This study was done in asymptomatic HIV infected patients, and its
relevance to the euthyroid sick syndrome is uncertain, since it seems to
establish a stimulatory effect on thyroid function (73.1).
TNF is another pro-inflammatory cytokine that is thought to be involved in many of the illnesses associated with NTIS. Infusion of recombinant TNF in man, by Vanderpool et al., produced a decrease in serum T3 and TSH, and increase in rT3. Free T4 was transiently elevated in association with a significant rise in FFA levels. These studies suggest that TNF could be involved when recombinant IL-6, given to humans, activates the hypothalamic pituitary axis and, as noted above, this could secondarily suppress TSH production. However, Chopra et al. (76) did not find TNF to be closely correlated with hormone changes in NTIS. Van der Poll et al (73.1) gave human subjects endotoxin, which caused lowering of T4, free T4, T3 and TSH. TNF blockade by a recombinant TNF receptor-IgG fusion protein did not alter the response, indicating that TNF did not cause the changes in hormone econony induced by administration of endotoxin.

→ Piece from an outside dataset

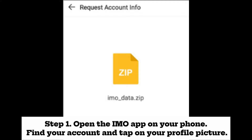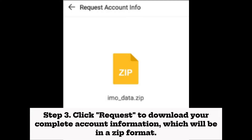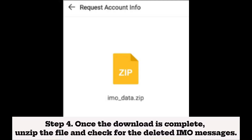Step one: open the IMO app on your phone, find your account, and tap on your profile picture. Step two: open Settings, click on Account and Security, then click on Request Account Info. Step three: click Request to download your complete account information, which will be in a zip format. Step four: once the download is complete, unzip the file and check for the deleted IMO messages.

Serum IL-6 is often elevated in NTIS (77), and its level is inversely related to T3 levels (78). Stouthard et al. (79) gave recombinant human IL-6 chronically to human volunteers. Short term infusion of IL-6 caused a suppression of TSH, but daily injections over 42 days cause only a modest decrease in T3, and a transient increase in reverse T3, and in free T4 concentrations(Fig.5b-6). IL-6 could be involved in the NTIS syndrome, although the mechanism was not defined. In an animal model of NTIS studied by Wiersinga and collaborators (80), antibody blockade of IL-6 failed to prevent the induced changes in thyroid hormone economy typical of NTIS. Boelen et al. studied the levels of IFN , IL-8, and IL-10 in patients with NTIS and found no evidence that they had a pathogenic role (81). Short term administration of recombinant IFN-gamma to normal subjects caused a minimal elevation of Il-6, no alteration in TNF, and did not significantly alter thyroid hormone levels(81.1). Michalaki et al observed that serum T3 drops early after abdominal surgery as an early manifestation of the NTIS syndrome, prior to an increase in serum IL-6 or TNFa, suggesting that these changes in cytokines do not induce the drop in T3 (81.2).
 |
| Figure 5b-6: IL-6 was administered over six weeks, and changes in thyroid hormone levels and TSH were recorded. Except for a transient elevation in rT3 and minimal suppression of T3, no significant alteration in hormone levels was produced. |
The potential interaction between cytokines and the hypothalamic pituitary thyroid axis is certainly complicated, and cytokines themselves operate in a network. For example, IL-1 and TNF can stimulate secretion of IL-6. Activation of TNF and IL-1 production is associated with the occurrence of cytokine inhibitors in serum, which are actually fragments of the cytokine receptor, or actual receptor antagonists. "Soluble TNF receptor" and "IL-1 RA" are receptor antagonists, which can inhibit the function of the free cytokines. These molecules are increased in many infectious, inflammatory, and neoplastic conditions. Boelen et al. (82) found evidence that the NTIS is "an acute phase response" generated by activation of a cytokine network. Soluble TNF , soluble TNF receptor, soluble IL-2 receptor antagonist, and IL-6 all inversely correlated with serum T3 levels. The authors concluded that the elevation of soluble TNF receptor and IL-6 were independent "determinants" of serum T3 and accounted for "35%" and "14%", respectively, of the change in T3. At least we can be convinced that these cytokine changes co-occur with changes in T3 and may play a pathogenic role by mechanisms yet unknown.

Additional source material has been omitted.